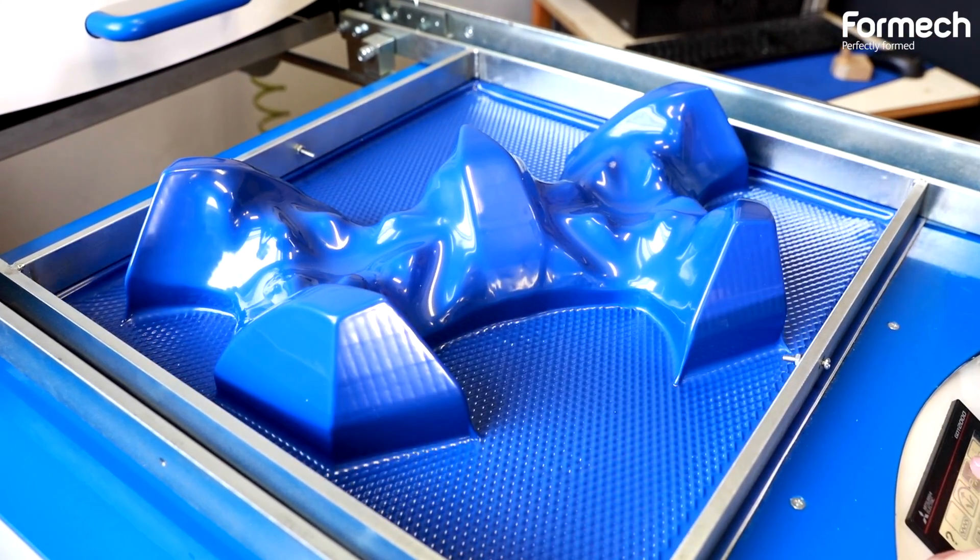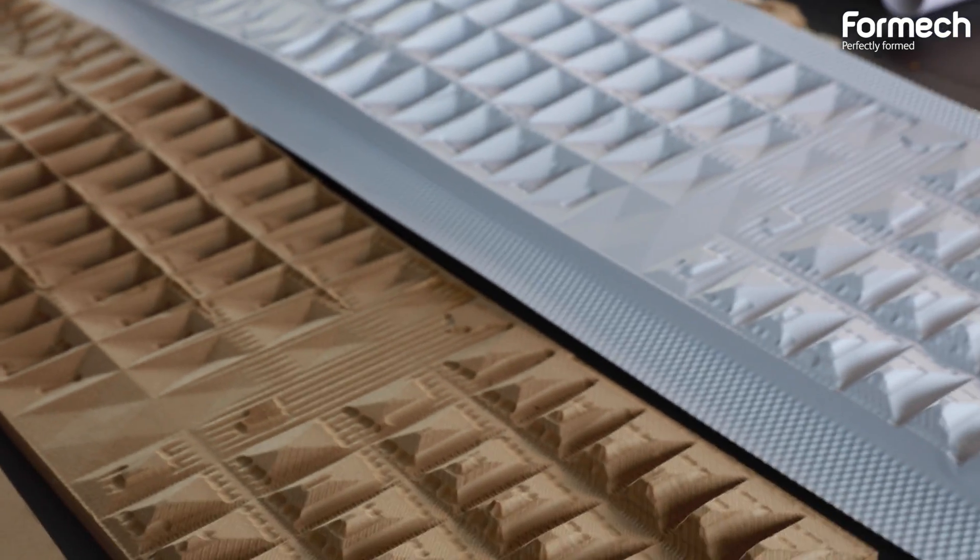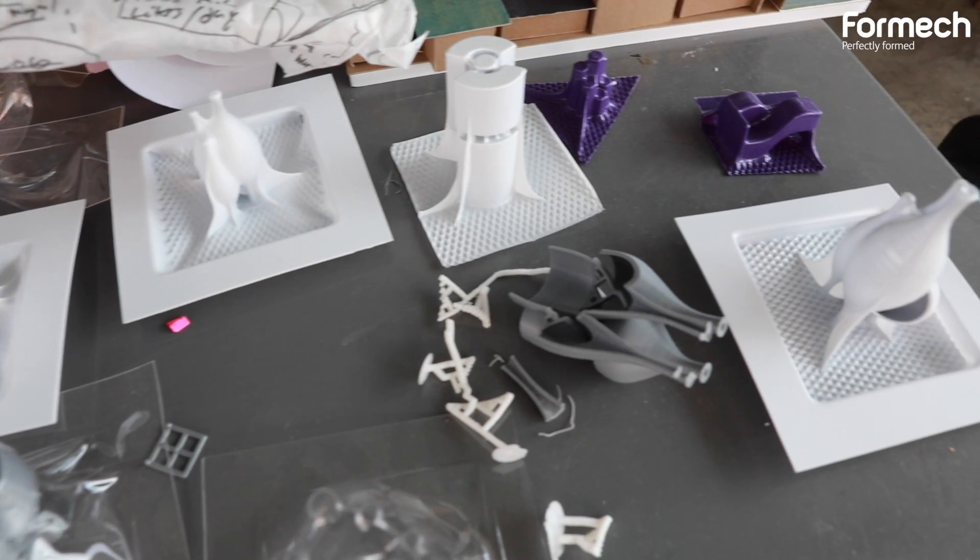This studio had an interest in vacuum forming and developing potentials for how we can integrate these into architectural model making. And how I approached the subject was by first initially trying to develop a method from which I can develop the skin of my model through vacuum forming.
+ + + + +
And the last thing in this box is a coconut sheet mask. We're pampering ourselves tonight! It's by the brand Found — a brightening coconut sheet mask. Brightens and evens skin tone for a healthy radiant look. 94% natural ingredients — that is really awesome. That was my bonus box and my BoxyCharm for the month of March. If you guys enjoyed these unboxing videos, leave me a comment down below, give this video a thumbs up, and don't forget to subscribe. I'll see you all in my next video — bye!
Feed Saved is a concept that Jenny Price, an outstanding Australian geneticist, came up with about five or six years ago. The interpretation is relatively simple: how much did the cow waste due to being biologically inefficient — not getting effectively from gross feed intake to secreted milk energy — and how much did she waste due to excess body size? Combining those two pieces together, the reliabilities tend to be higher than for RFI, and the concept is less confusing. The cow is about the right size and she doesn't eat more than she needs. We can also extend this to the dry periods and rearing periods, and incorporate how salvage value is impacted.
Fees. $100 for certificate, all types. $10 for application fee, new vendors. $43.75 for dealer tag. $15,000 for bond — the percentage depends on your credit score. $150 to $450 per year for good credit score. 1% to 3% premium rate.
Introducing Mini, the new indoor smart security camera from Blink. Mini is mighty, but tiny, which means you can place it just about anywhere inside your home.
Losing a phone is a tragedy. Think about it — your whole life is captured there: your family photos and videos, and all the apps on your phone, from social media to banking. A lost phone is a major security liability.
+ + + + +
→ **Work to be completed**: Everything above from the line containing "And the last" through the line containing "Feed Saved is" must be copied exactly. Nothing outside that range belongs in the answer.

→ **Result of the task**:
And the last thing in this box is a coconut sheet mask. We're pampering ourselves tonight! It's by the brand Found — a brightening coconut sheet mask. Brightens and evens skin tone for a healthy radiant look. 94% natural ingredients — that is really awesome. That was my bonus box and my BoxyCharm for the month of March. If you guys enjoyed these unboxing videos, leave me a comment down below, give this video a thumbs up, and don't forget to subscribe. I'll see you all in my next video — bye!
Feed Saved is a concept that Jenny Price, an outstanding Australian geneticist, came up with about five or six years ago. The interpretation is relatively simple: how much did the cow waste due to being biologically inefficient — not getting effectively from gross feed intake to secreted milk energy — and how much did she waste due to excess body size? Combining those two pieces together, the reliabilities tend to be higher than for RFI, and the concept is less confusing. The cow is about the right size and she doesn't eat more than she needs. We can also extend this to the dry periods and rearing periods, and incorporate how salvage value is impacted.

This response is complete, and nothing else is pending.